HRW reported that as recently as late August, authorities arrested two Egyptian men who allegedly witnessed a high-profile gang rape in Cairo's Fairmont Nile City Hotel in 2014. The men were to provide evidence in the case to police. However, the officers unlawfully searched the men's phones during their detainment at the al-Tagamoa First Police Station. The authorities found photos of the men allegedly engaged in gay sex. They used that to keep the men in custody, which was approved by judges several times. The men were cut off from communicating with anyone in the outside world for several days and subjected to forced anal examinations. The two men now potentially face charges of debauchery under Egyptian law.

Leading up to the court hearings, they could face similar abuses as some LGBTQ survivors of Egyptian detainment experienced.

An unidentified female activist who was detained at a protest in 2018 described in the report being subjected to three separate "virginity" tests during her detention. She told HRW that a female officer "grabbed and squeezed" her breasts and vagina while examining her before opening her anus.

The officer "inserted her hand inside so deep that I felt she pulled something out of me. I bled for three days and could not walk for weeks. I couldn't go to the bathroom," she said. "I developed medical conditions that I still suffer from today."
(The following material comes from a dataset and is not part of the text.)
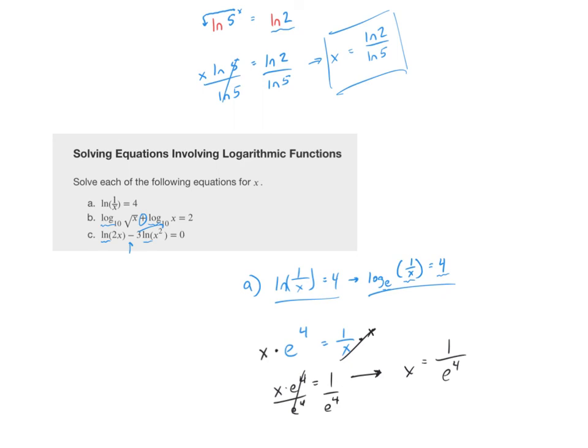That is an overview of exponential functions and logarithmic functions. Try out the homework, and let me know if you have questions or run into problems. Thank you very much for listening — have a wonderful day.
An unidentified man detained by authorities in 2019 described being beaten senseless before being tied up while standing in a dark, unventilated room. He was left in the position for three days, according to the report.

"They didn't let me go to the bathroom. I had to wet my clothes and even shit in them," he said. "I still had no idea why I was arrested."

A majority of the victims were eventually let go and acquitted of the charges brought against them, but the damage was done.

HRW called upon al-Sisi to immediately release LGBTQ individuals currently detained; to stop the arrests of queer people; to ban torture, including the use of virginity tests and forced anal exams; and adhere to international laws and treaties the government agreed to.

Got international LGBTQ news tips? Call or send them to Heather Cassell at WhatsApp: 415-517-7239, or Skype: heather.cassell, or [email protected]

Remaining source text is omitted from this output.